Au début de l’hiver, en ce temps-là, les plus pauvres Sauvagnards quittaient leur clocher et partaient comme scieurs de longs, les uns vers l’ouest dans le pays de la Loire, les autres au-delà des Alpes, en Lombardie, mais surtout en Piémont, sur les traces des soldats de Bonaparte.
Là aussi dans les bois la vie était rude. Heureusement, entre le dialecte de Foréziens et celui de Piémontais, on pouvait se comprendre et se comprendre d’autant mieux qu’on avait, en fait, la même existence que les gens de la montagne pauvre. Les Foréziens voyaient les transalpins rouler aussi leur pâte, non pour en faire des matefaims, mais pour les couper de cent manières, en rubans comme des serpentins, roulés comme des cigarettes, torsadés en spirale, pliés en quatre, tordus en nœuds papillon, en leur donnant cent noms, panzerotti, tagliatelle, gnocchi, macaroni, fettuccine, spaghetti, comme si la multiplicité des appellations pouvait en faire autre chose que des pâtes et leur apporter quelque variété.

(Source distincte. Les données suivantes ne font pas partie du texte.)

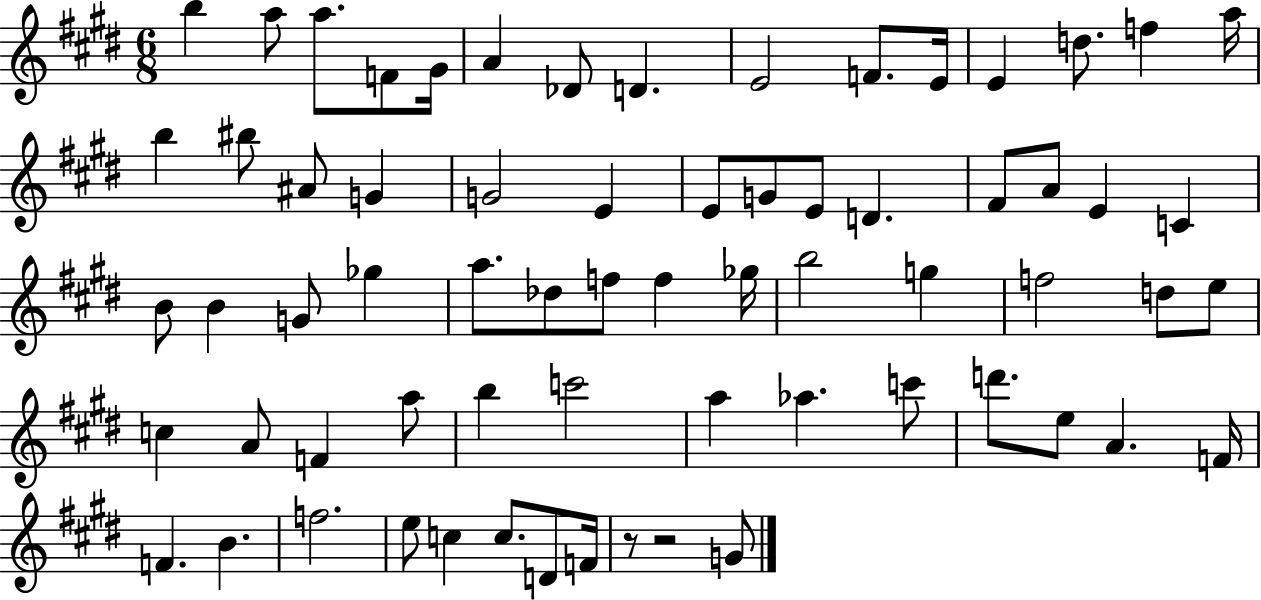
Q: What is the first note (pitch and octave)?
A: B5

Un jour de repos, Norbert Chassal proposa aux piémontais de réaliser une autre cuisine que les pâtes de tradition. « Au lieu de toujours manger vos tomates, pomidori, vos pommes d’or, comme vous le dites, coupées en quatre avec une pincée de sel, je vais vous montrer comment nous les préparons chez nous ». Et il fit comme s’il était dans sa jasserie. Faute de fourme, il se contenta de râper du parmesan. Les italiens se régalèrent comme les foréziens l’été précédent. Naturellement, ils voulurent savoir le nom de ce plat exceptionnel qui venait d’une autre montagne que leurs Alpes natales et qu’ils ne connaissaient pas. « Chez nous, leur apprit Chassal, le plat de pommes de terres est le « patchia », mais cette pâte ainsi préparée est la « pitchia » parce que je la malaxe avec soin comme font les gamins sans appétit de chez nous qui « pignochent » en tournant et retournant dans leur bouche les aliments avant de les avaler ».
Du Piémont, la « pitchia » descendit en Lombardie, alla jusqu’à la lagune de Venise, gagna la Toscane et ayant touché le talon de la botte latine, remonta par la Calabre, Rome, la Ligurie, le comté de Nice, Saint-Tropez, Saint-Gilles du Gard, Saint-Ferréol d’Auroure, Sainte-Sigolène, Saint-Christo-en-Jarez et même Saint-Georges-en-Couzan. Au cours de son périple dans la péninsule, la « pitchia » s’était italianisée et nous est revenue sous le nom de « pizza » qui sonnait mieux « mezza oce »… Jusqu’au jour où un forézien lui a redonné sa véritable origine et ainsi ses lettres authentique de noblesse. Nous lui devons reconnaissance.
Merci à Albert Chazal!
La Pranière, par Jean-Paul Gourgouillon
Edité par Bussy en 1986
(d’après les archives de la sacristie de Miladzeux-en-Forez, aimablement communiqué par Madame Veuve Agathe Coleigne-Fayard, servante du curé Pialosso).
Note
A la fin du XVIIIe siècle, un forézien, originaire de Saint Just en Bas régalait les parisiens dans un restaurant qui portait le nom « Le Grand Véfour ».
Aujourd’hui, notre compatriote Albert Chazal étonne, au « Train Bleu » de la gare de Lyon, la Capitale avec ses spécialités de charcuterie forézienne, sa fourme, ses « Côtes du Forez » et, depuis peu sa « Pizza forezzi ».
Lexique
1 * Une métérée : parcelle de terre qui représente 1 000 m² (exactement 950 m²).
2 * Une jasserie : dans les montagnes du Forez, c’est une petite habitation utilisée l’été pour la fabrication du fromage.
3 * Patchia : (en patois de Saint Bonnet le Courreau; Patia ailleurs), plat servi en fin d’estive dans les hameaux des Monts du Forez. Le patchia : pommes de terre coupées en lamelles qui mijotent dans de la crème sur le coin du poêle pendant des heures (trois ou quatre) dans un chaudron.
4 * Sagne : roseau pour faire une toiture végétale.
5 * Matefaim : crêpe épaisse faite de farine, œufs, eau, lait, on incorpore dans la préparation des pommes.
6 * Chopine : mesure de capacité d’une demi-pinte, soit un demi-litre. Le vin se vend à la chopine.